* **Dataset entries**:
★ ★ ★ ★ ★ ★ ★

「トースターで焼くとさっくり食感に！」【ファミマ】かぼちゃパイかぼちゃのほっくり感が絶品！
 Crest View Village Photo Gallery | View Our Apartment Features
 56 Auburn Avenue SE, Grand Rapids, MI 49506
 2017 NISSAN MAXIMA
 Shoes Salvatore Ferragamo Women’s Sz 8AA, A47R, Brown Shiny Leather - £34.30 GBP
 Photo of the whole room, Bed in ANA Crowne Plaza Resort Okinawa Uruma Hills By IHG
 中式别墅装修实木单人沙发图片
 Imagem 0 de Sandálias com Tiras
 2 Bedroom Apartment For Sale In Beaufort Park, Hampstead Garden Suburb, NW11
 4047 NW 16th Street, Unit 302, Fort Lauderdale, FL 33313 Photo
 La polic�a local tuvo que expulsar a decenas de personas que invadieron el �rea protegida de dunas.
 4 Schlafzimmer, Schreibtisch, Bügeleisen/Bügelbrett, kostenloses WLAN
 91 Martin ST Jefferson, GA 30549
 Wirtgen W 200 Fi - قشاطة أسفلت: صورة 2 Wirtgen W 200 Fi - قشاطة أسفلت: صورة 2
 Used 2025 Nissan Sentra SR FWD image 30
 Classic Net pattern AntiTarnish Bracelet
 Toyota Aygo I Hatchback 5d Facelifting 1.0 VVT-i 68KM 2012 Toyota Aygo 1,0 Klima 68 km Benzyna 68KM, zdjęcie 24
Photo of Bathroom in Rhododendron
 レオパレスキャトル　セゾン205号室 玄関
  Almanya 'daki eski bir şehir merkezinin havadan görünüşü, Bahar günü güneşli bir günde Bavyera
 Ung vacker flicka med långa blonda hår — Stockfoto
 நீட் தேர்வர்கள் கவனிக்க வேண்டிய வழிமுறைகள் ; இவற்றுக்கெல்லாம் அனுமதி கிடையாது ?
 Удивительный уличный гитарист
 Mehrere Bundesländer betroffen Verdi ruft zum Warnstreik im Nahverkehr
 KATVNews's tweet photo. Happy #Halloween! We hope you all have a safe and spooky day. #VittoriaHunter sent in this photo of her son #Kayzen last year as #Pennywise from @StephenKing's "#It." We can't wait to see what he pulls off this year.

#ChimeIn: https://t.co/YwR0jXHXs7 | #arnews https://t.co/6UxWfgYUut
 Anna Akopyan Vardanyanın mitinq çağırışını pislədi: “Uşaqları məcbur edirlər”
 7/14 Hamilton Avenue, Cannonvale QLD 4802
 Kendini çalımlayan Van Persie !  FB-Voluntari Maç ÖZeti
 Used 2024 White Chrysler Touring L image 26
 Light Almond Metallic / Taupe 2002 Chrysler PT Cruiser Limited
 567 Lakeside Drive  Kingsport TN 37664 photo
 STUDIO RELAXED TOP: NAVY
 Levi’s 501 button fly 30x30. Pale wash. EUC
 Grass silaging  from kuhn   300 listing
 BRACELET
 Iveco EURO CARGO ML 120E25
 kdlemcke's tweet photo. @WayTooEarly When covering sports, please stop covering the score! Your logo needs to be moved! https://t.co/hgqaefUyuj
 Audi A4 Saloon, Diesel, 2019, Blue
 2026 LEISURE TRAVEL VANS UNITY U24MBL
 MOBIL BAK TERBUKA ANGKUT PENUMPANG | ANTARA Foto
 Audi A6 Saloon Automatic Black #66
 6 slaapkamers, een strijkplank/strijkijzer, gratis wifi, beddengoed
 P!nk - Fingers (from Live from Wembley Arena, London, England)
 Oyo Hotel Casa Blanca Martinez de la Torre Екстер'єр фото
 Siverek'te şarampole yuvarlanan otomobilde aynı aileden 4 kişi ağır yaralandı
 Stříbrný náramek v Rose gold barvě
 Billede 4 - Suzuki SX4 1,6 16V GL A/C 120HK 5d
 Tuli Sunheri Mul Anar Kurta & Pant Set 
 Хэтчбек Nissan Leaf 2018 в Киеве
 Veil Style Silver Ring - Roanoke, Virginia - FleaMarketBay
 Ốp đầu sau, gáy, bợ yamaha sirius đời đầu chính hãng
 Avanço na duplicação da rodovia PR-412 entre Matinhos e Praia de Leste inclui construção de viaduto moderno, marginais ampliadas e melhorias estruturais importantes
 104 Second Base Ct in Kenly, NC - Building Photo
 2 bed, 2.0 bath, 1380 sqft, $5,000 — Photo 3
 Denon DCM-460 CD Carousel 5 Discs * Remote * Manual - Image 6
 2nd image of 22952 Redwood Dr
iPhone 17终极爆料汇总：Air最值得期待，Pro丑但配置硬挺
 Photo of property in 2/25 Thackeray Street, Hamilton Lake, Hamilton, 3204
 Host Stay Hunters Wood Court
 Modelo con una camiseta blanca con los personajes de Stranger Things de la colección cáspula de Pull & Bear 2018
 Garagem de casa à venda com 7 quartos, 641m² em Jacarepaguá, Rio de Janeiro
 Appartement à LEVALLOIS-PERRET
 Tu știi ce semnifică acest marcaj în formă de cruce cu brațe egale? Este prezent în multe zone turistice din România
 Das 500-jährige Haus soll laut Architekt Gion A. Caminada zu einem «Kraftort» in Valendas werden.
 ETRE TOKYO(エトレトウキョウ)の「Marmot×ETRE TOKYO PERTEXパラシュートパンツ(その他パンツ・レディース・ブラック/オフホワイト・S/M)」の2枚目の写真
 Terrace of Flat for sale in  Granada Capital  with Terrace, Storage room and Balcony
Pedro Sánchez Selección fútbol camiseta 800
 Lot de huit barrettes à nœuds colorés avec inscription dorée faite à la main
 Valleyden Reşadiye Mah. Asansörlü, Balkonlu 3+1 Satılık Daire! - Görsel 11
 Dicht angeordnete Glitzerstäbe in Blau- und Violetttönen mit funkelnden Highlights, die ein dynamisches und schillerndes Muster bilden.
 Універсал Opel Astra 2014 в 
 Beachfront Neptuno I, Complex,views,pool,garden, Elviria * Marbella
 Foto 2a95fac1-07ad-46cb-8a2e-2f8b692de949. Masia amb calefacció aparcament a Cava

★ ★ ★ ★ ★ ★ ★

* **About this exercise**: Copy the lines from the entries above in which the word "tweet" appears.

* **Solution for this problem**:
 KATVNews's tweet photo. Happy #Halloween! We hope you all have a safe and spooky day. #VittoriaHunter sent in this photo of her son #Kayzen last year as #Pennywise from @StephenKing's "#It." We can't wait to see what he pulls off this year.
 kdlemcke's tweet photo. @WayTooEarly When covering sports, please stop covering the score! Your logo needs to be moved! https://t.co/hgqaefUyuj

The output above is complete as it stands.